Prominent entrepreneur U Serge Pun has called for streamlined procedures for industries planning to set up shop in Myanmar, claiming a simplified approvals process would assist in attracting factories to provide much-needed employment.
U Serge Pun pointed to China where he said the barriers to establishing a factory were lower, with no need to see a multitude of high-ranking government officials before investing.
“The rules are so transparent, so clear, that if you invest in [a specific] sector you know you can do this, you can do that, you cannot do that,” he told the Myanmar Global Investment Forum in Nay Pyi Taw last week.
He said a similar approach could work in Myanmar.
Coca-Cola’s entry to Myanmar came with plenty of PR and hype, and it was good for the country, said U Serge Pun. “But we cannot thrive on one Coca-Cola that employs a few thousand people. We need millions of people to be employed, which means we need 10,000 or 20,000 factories,” he said, while adding foreign investors had to visit the chairman of the Myanmar Investment Commission (MIC) first.
U Aung Naing Oo, director general of the Directorate of Investment and Company Administration (DICA) and MIC board member, downplayed the need for investors to visit the MIC, claiming it is “especially investors with huge capital who are required to meet the chairman”.
However, he said, the MIC met with a large number of foreign visitors daily following the implementation of the Foreign Investment Law in November 2012.
“Before, we received foreign investment guests only once a month. Now we see seven or eight international delegates every day in our MIC office,” he said.
MIC chairman and minister of finance U Win Shein told the Myanmar Times on the event sidelines that there was still work to be done to improve the investment climate for foreign businesses.

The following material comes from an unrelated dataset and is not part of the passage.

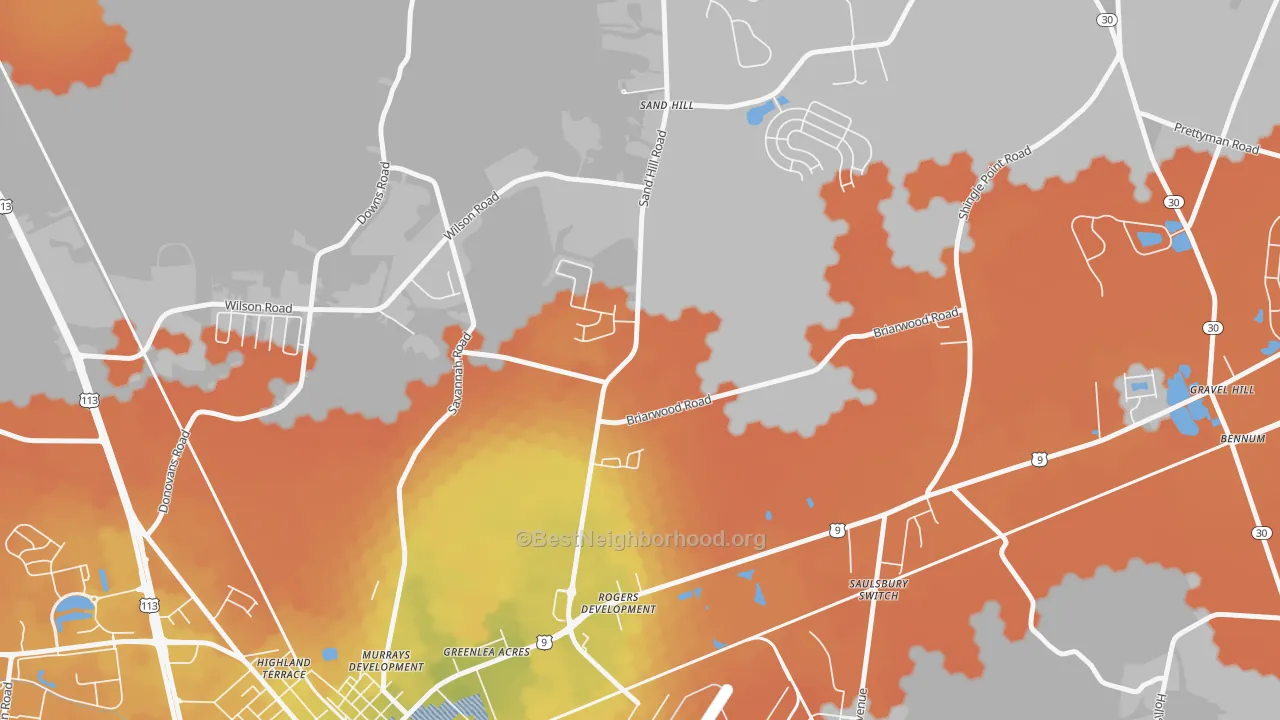 Bike Grade map of Nassau, DE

McKinsey senior partner Doan Nguyen Hansen said that clear strategies in areas such as skills training and infrastructure will assist with long-term development.
“Industries cannot run with only four hours of electricity a day,” she said during a conference discussion.
Experts pointed to a surge in FDI following the passing of the new Foreign Investment Law in November 2012. FDI has reached $1.8 billion in 2013 to the end of August, with some 50 percent in the manufacturing sector, with inflows set to dwarf the $1.4 billion received during the entirety of last year.